Going back to the Commercial Overprints, the "Fylde Water Board" is possibly one of the scarcer overprints.

The Fylde Water Company was founded to supply water and remove waste water in the Blackpool, Preston and Blackburn area of NW England. It was renamed and reconstituted as the Fylde Water Board in 1897, and amalgamated with other water suppliers in 1973 to become North West Water Board. On privatisation of the water supply industry it became North West Water plc (private limited company ) and later amalgamated with an Electricity supplier to become United Utilities.

The area covered by Fylde Water Board, while quite densely populated in parts, is small in comparison to the areas covered by the like of Manchester Corporation Waterworks, covering a somewhat similar size area with possibly 20 times the population.

Millions of these stamps would have been overprinted for receipting water supply bills, however very few will have survived- as old collectors held these in even less esteem than perfins (which were destroyed wholesale as being worthless). One of these on an original water bill would be a genuine ephemera "museum piece".

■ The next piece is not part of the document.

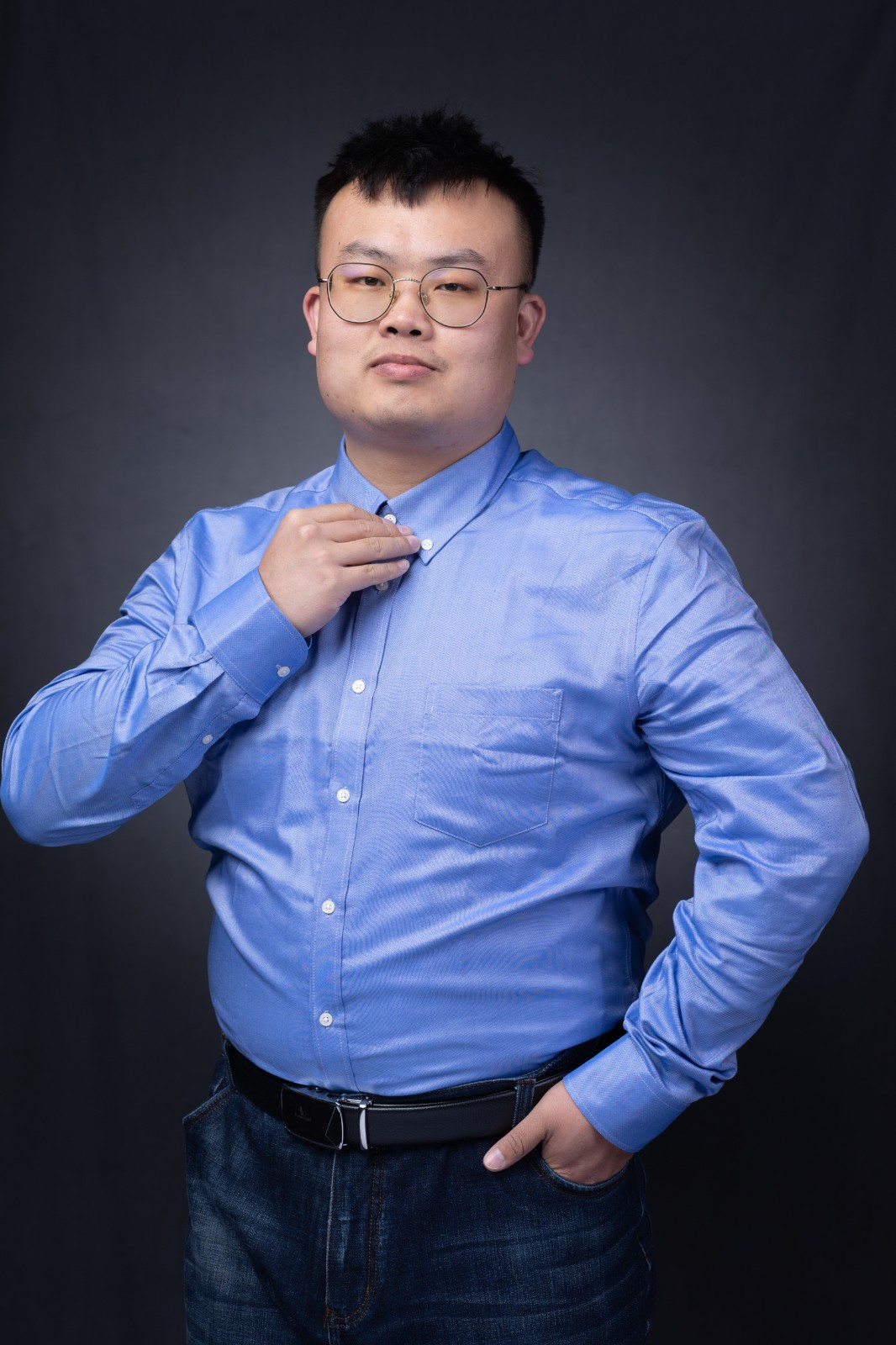 杨迪.jpeg 杨迪.jpeg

I have googled, as a matter of interest, " Fylde Water Board" and while the amount of information is fairly limited it does produce interesting information about compulsorily purchasing a whole valley and turfing out the population so that a reservoir could be built.

I fear that a combination of increasing population and drought caused by global warming may well lead to history repeating itself. We all take water and sewage so much for granted, but in a complex society we ignore their ramifications at our peril.

While this stamp is intrinsically "worthless", the history it can lead to is priceless.
So much more interesting than the same stamp postally used with a nondescript indeterminate postmark.

Who says stamp collecting is boring?